The geometric triharmonic heat flow of immersed surfaces near spheres

TL;DR

This paper studies the evolution of immersed surfaces in three-dimensional space under the geometric triharmonic heat flow, establishing regularity, singularity behavior, and convergence to spheres based on initial curvature conditions.

Contribution

It introduces new interior estimates, a gap lemma for stationary solutions, and proves exponential convergence to spheres for flows with small initial curvature.

Findings

Flow solutions have a positive lifespan depending on initial curvature.

Blowup analysis shows asymptotic approach to non-umbilic stationary surfaces.

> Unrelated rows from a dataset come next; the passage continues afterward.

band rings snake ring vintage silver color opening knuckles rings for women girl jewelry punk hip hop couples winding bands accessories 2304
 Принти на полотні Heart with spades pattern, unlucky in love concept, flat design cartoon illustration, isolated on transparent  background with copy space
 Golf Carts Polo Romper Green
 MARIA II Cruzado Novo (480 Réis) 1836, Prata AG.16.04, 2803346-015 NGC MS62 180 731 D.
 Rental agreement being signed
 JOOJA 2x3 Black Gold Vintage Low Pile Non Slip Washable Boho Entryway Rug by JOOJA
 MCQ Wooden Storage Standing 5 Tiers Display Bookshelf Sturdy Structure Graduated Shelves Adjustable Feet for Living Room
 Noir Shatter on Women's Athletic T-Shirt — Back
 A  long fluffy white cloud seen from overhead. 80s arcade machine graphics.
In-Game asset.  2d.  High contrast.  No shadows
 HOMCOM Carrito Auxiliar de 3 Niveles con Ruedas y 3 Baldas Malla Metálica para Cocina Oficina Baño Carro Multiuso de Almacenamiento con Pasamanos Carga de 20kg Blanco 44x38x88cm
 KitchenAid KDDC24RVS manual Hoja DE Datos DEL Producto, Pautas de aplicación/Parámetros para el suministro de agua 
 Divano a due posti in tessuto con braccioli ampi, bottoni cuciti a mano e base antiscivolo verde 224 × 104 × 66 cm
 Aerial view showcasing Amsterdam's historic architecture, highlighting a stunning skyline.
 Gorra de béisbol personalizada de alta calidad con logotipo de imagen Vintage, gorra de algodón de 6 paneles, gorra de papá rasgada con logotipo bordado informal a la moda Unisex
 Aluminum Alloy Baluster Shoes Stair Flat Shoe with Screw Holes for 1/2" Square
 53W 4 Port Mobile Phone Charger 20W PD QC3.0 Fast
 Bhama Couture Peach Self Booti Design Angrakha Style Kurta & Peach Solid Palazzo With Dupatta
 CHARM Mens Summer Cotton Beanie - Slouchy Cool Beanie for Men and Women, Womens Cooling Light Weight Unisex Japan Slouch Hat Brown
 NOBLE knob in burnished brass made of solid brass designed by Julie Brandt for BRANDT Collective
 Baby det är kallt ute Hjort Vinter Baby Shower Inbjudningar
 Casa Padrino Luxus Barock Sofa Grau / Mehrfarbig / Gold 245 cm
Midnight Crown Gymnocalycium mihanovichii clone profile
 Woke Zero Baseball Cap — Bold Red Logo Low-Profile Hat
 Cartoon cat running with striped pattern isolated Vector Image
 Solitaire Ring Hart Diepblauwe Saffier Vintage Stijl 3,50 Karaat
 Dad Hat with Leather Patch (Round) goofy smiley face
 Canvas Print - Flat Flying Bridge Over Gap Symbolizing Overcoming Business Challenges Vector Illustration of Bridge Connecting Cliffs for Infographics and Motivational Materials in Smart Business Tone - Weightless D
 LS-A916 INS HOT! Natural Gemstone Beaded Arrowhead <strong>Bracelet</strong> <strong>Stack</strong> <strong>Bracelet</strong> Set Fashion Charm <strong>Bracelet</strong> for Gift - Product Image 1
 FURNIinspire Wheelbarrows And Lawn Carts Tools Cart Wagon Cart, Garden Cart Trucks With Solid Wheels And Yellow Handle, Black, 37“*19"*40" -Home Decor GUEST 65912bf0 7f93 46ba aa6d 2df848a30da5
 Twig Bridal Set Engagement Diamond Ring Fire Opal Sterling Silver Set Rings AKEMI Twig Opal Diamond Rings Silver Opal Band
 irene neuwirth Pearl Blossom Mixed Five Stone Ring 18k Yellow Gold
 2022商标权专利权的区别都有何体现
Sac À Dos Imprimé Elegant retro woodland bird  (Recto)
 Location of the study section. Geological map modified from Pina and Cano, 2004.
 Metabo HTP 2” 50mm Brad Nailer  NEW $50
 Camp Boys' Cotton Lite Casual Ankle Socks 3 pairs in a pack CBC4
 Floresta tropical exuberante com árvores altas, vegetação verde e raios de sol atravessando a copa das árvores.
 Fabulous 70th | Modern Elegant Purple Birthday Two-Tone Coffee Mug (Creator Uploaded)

Solutions with small initial L^2-norm of tracefree curvature converge exponentially to spheres.

Abstract

We consider closed immersed surfaces in R^3 evolving by the geometric triharmonic heat flow. Using local energy estimates, we prove interior estimates and a positive absolute lower bound on the lifespan of solutions depending solely on the local concentration of curvature of the initial immersion in L^2. We further use an {\epsilon}-regularity type result to prove a gap lemma for stationary solutions. Using a monotonicity argument, we then prove that a blowup of the flow approaching a singular time is asymptotic to a non-umbilic embedded stationary surface. This allows us to conclude that any solution with initial L^2-norm of the tracefree curvature tensor smaller than an absolute positive constant converges exponentially fast to a round sphere with radius equal to the cube root of 3V_0/4{\pi}, where V_0 denotes the signed enclosed volume of the initial data.